**ASSIGNMENT**
The records that follow need to be printed exactly. Leave out each image.
──────────────────────────────
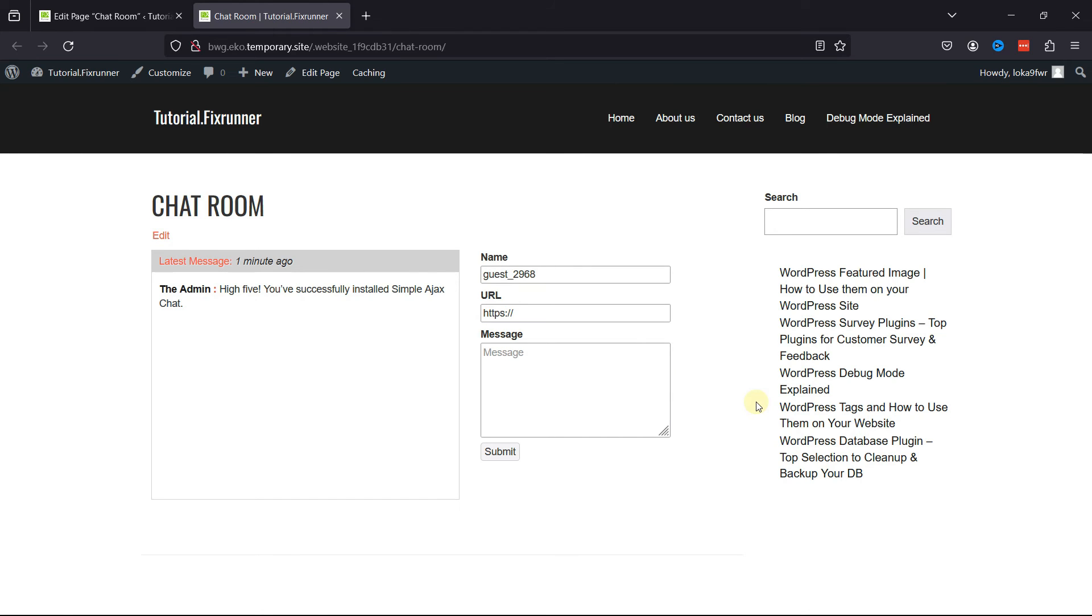Before leaving, you can also learn how to add a reading progress bar in WordPress posts. I'll link the video in the description below. Or you can also click on the eye icon in the top right corner of your screen to view the video.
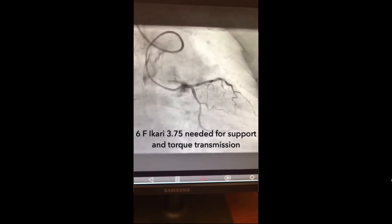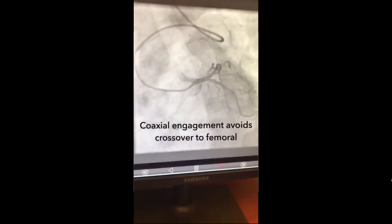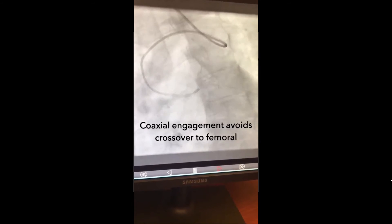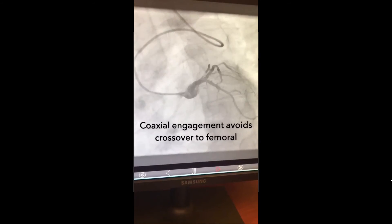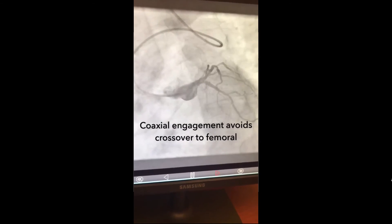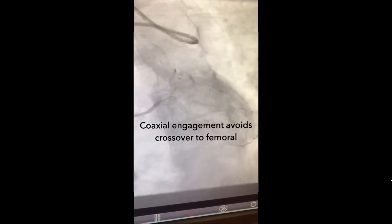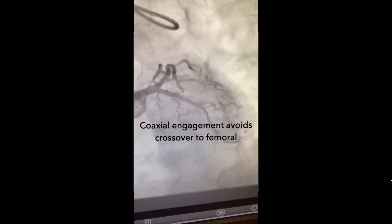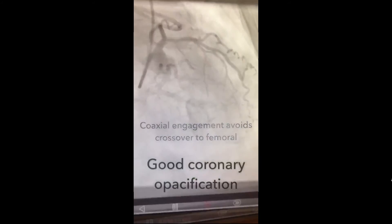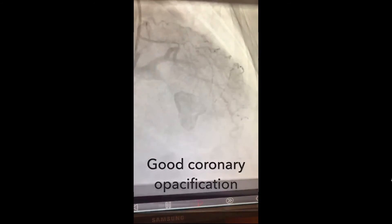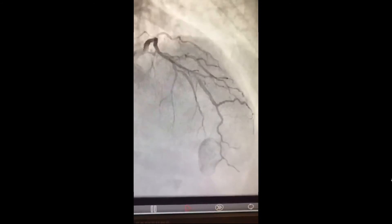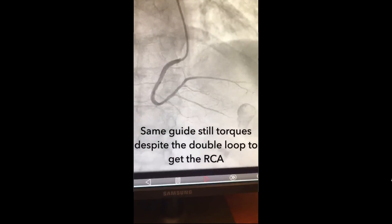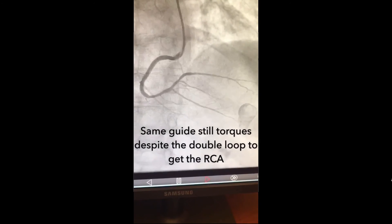Going straight to a guide catheter would be preferable, since once it's seated, you can proceed with your physiological assessment or percutaneous coronary intervention. In this case, the same Ikari guide was used and rotated over a stiff angled glide wire to the right sinus of Valsalva to engage the right coronary artery.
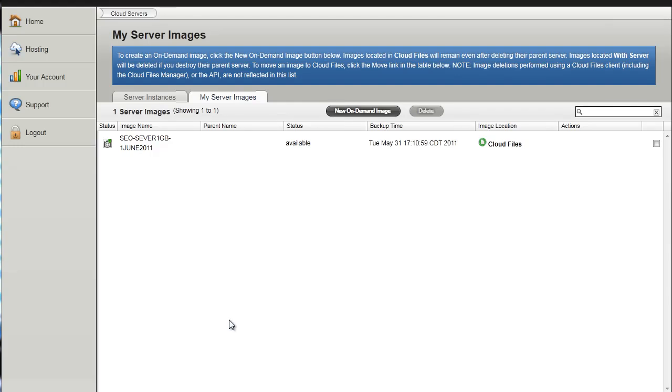Welcome to the first tutorial on cloud computing. In this video I'm going to show you how to configure your server and back it up.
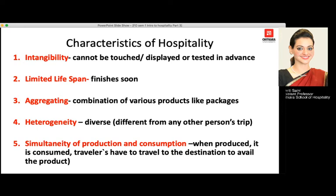The fifth characteristic is simultaneity of production and consumption. Hospitality is produced and consumed at the same particular time. Travelers have to travel to a destination to experience the service — sitting at home, I cannot consume hospitality. The five characteristics are: intangibility, limited lifespan, aggregating, heterogeneity, and simultaneity of production and consumption.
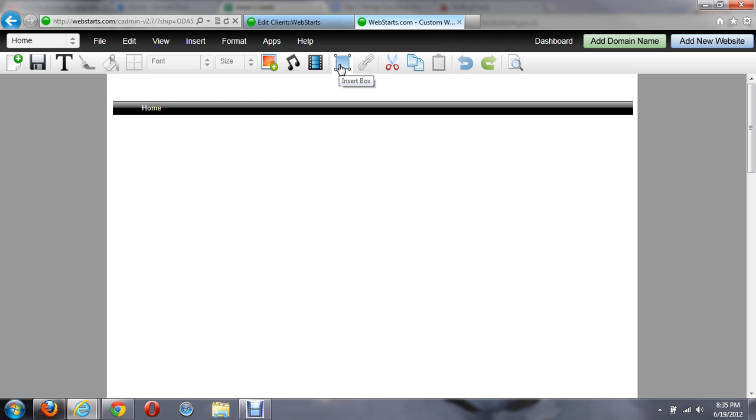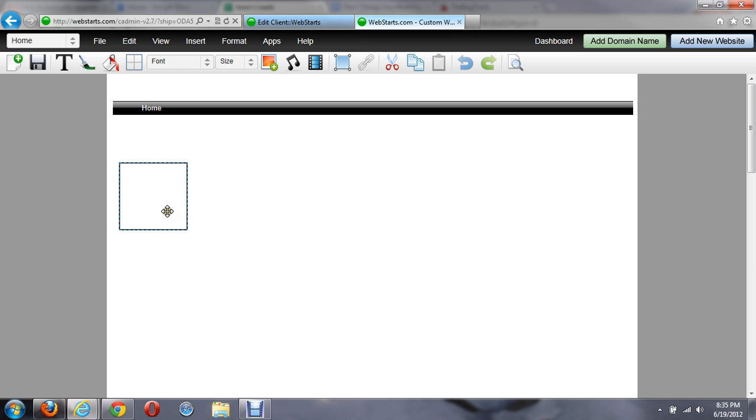Up at the top on the navigation bar here, I can click on Insert Box. And this will place a box within my website.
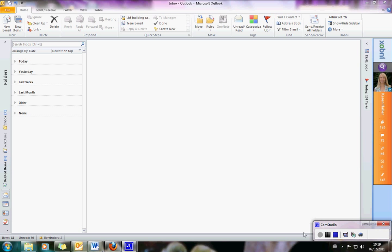Hi, this is Tamsin Fox-Davis from TamsinFoxDavis.com and I've been asked how you put social media icons into your email signatures. So that is what I'm going to show you how to do today and it only takes a couple of minutes. Follow along closely.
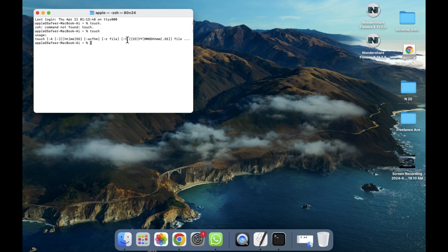I hope you guys understand this video—how you can use the Terminal in MacBook. See you guys in the next video.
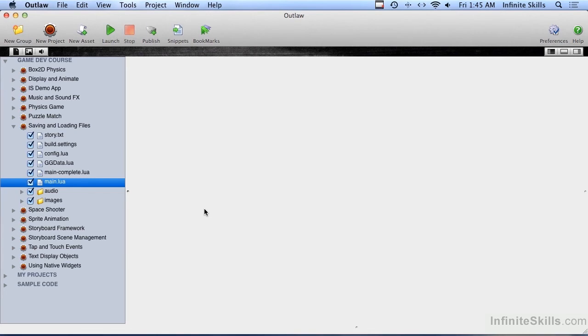In a previous segment of this course, we talked about using Storyboard and creating a Storyboard Framework that we can then use to create our apps and games. Let's take what we've learned here in this Saving and Loading Files section about saving and loading data, preferences specifically, and apply that to the Storyboard Framework.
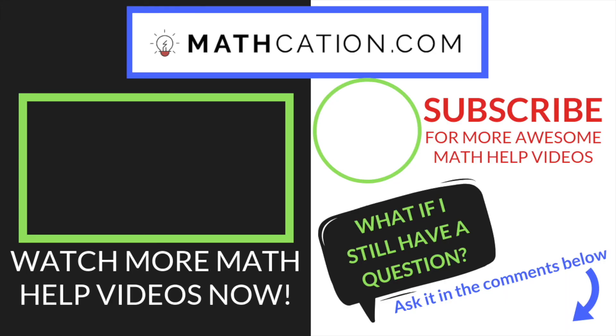If you found this video helpful, make sure you drop a like, subscribe to our channel, or check out our website for more premium math content. Thanks for watching.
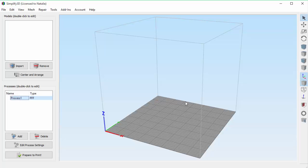We're going to be talking about a neat Simplify 3D feature today that is really helpful if you have multiple 3D printers or if you're designing your own printer. For the software to correctly interface with your printer, it has to know a couple of key things. First, it needs to know some details about the hardware you're using, such as the build volume or orientation. Second, it needs to know how to communicate with your printer, which is typically determined by what type of firmware it's running. Let me show you where both of these things can be set up in Simplify 3D.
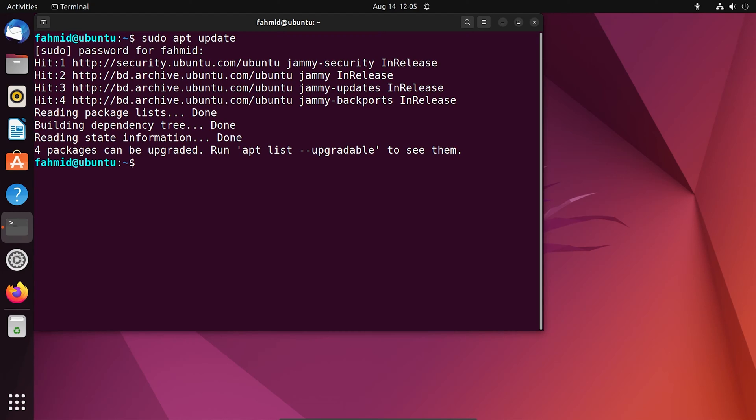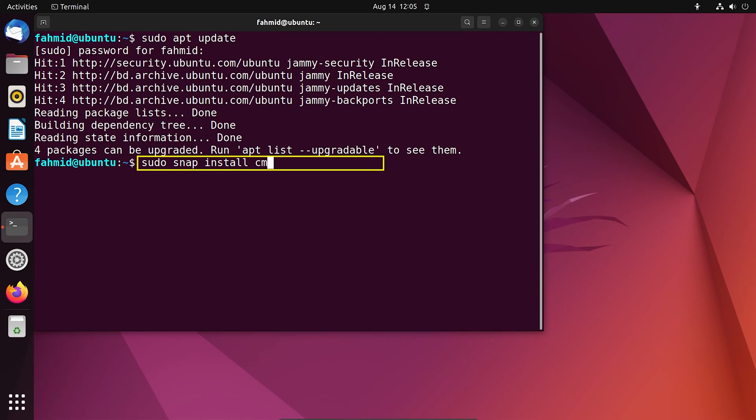Now, to install CMake on your Ubuntu system, run the following command: sudo snap install cmake --classic.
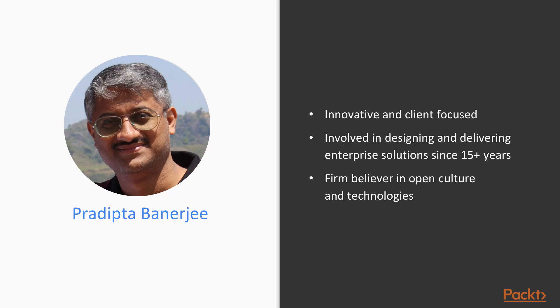I have been involved in designing and delivering enterprise solutions for more than 15 years. Since last few years, I have been involved in developing and deploying Kubernetes-based solutions for our customers and helping them in their transformation journey.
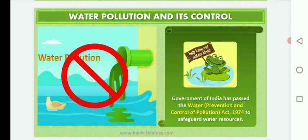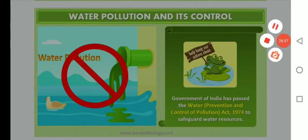These are the topics we covered regarding types of pollution — air pollution and water pollution. In the next lecture we will study the remaining types of pollutants. Thank you.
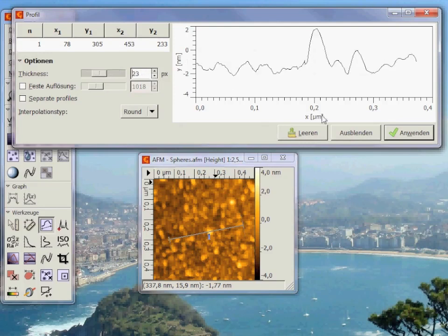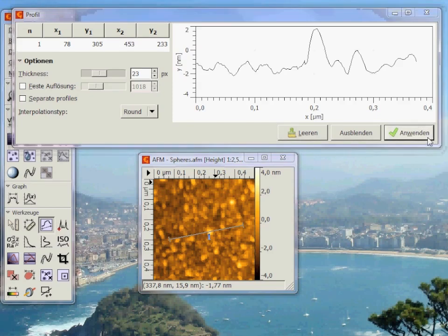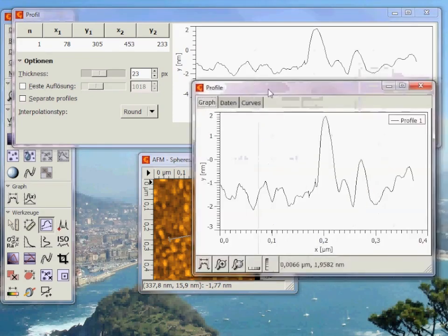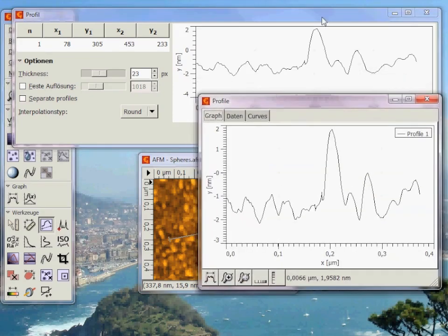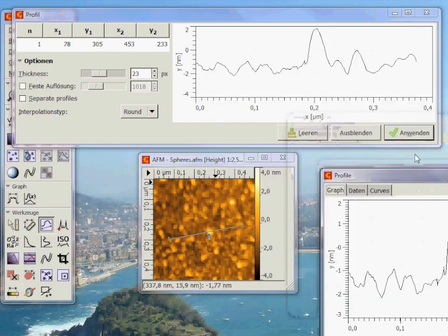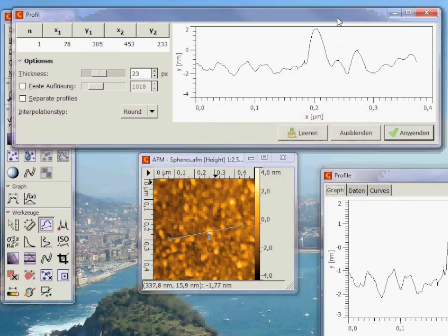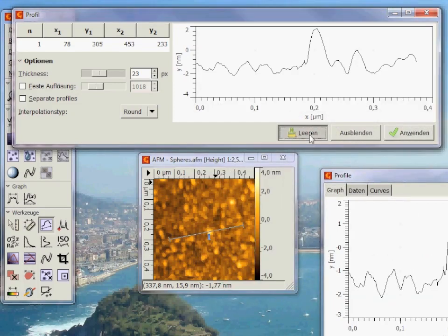After you click execute you get a little window with your extracted profile. Now you can empty the line and close this window.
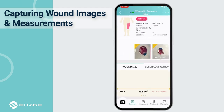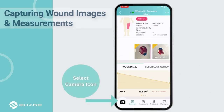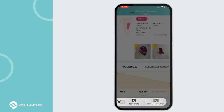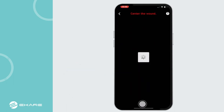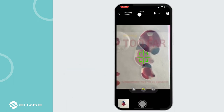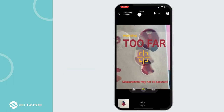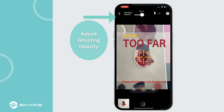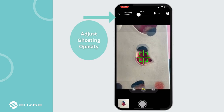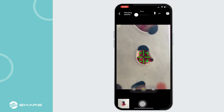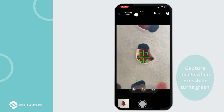To begin the wound measurement process, select the camera icon on the bottom left and select New Measurement to capture the wound image. The image guide will help the user capture a high-quality image. Ghosting opacity can be used to ensure image consistency with previously captured images.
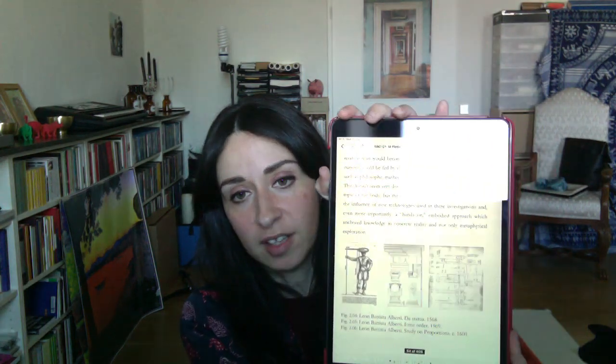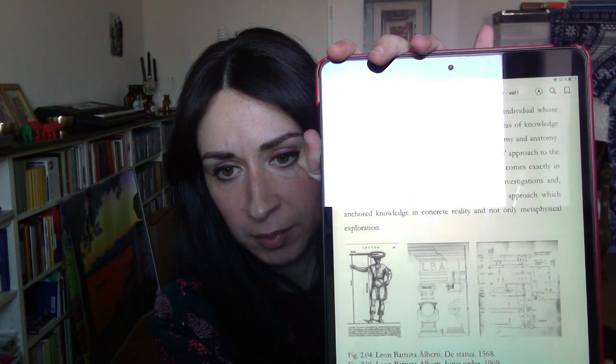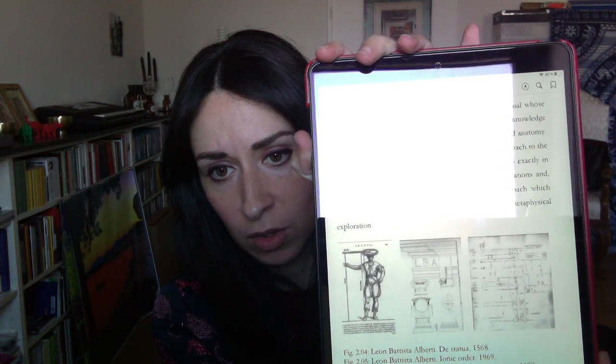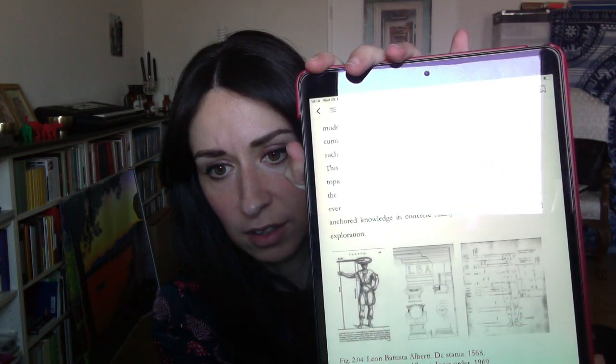Similarly to the images we saw before from Leonardo da Vinci and Cesare Cesariano and Albrecht Dürer, we have here a collection from Leon Battista Alberti. You have here the representation of the human body, a representation of a column and an architrave and entablature based on the proportions of the human body, and another proportion study of the human body.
──────────────────────────────
**RESPONSE FOR THIS EXERCISE**
Before leaving, you can also learn how to add a reading progress bar in WordPress posts. I'll link the video in the description below. Or you can also click on the eye icon in the top right corner of your screen to view the video.
Going straight to a guide catheter would be preferable, since once it's seated, you can proceed with your physiological assessment or percutaneous coronary intervention. In this case, the same Ikari guide was used and rotated over a stiff angled glide wire to the right sinus of Valsalva to engage the right coronary artery.
Welcome to the first tutorial on cloud computing. In this video I'm going to show you how to configure your server and back it up.
The fifth characteristic is simultaneity of production and consumption. Hospitality is produced and consumed at the same particular time. Travelers have to travel to a destination to experience the service — sitting at home, I cannot consume hospitality. The five characteristics are: intangibility, limited lifespan, aggregating, heterogeneity, and simultaneity of production and consumption.
Up at the top on the navigation bar here, I can click on Insert Box. And this will place a box within my website.
Hi, this is Tamsin Fox-Davis from TamsinFoxDavis.com and I've been asked how you put social media icons into your email signatures. So that is what I'm going to show you how to do today and it only takes a couple of minutes. Follow along closely.
I hope you guys understand this video—how you can use the Terminal in MacBook. See you guys in the next video.
In a previous segment of this course, we talked about using Storyboard and creating a Storyboard Framework that we can then use to create our apps and games. Let's take what we've learned here in this Saving and Loading Files section about saving and loading data, preferences specifically, and apply that to the Storyboard Framework.
If you found this video helpful, make sure you drop a like, subscribe to our channel, or check out our website for more premium math content. Thanks for watching.
We're going to be talking about a neat Simplify 3D feature today that is really helpful if you have multiple 3D printers or if you're designing your own printer. For the software to correctly interface with your printer, it has to know a couple of key things. First, it needs to know some details about the hardware you're using, such as the build volume or orientation. Second, it needs to know how to communicate with your printer, which is typically determined by what type of firmware it's running. Let me show you where both of these things can be set up in Simplify 3D.
Now, to install CMake on your Ubuntu system, run the following command: sudo snap install cmake --classic.
I have been involved in designing and delivering enterprise solutions for more than 15 years. Since last few years, I have been involved in developing and deploying Kubernetes-based solutions for our customers and helping them in their transformation journey.
These are the topics we covered regarding types of pollution — air pollution and water pollution. In the next lecture we will study the remaining types of pollutants. Thank you.
After you click execute you get a little window with your extracted profile. Now you can empty the line and close this window.
To begin the wound measurement process, select the camera icon on the bottom left and select New Measurement to capture the wound image. The image guide will help the user capture a high-quality image. Ghosting opacity can be used to ensure image consistency with previously captured images.
Similarly to the images we saw before from Leonardo da Vinci and Cesare Cesariano and Albrecht Dürer, we have here a collection from Leon Battista Alberti. You have here the representation of the human body, a representation of a column and an architrave and entablature based on the proportions of the human body, and another proportion study of the human body.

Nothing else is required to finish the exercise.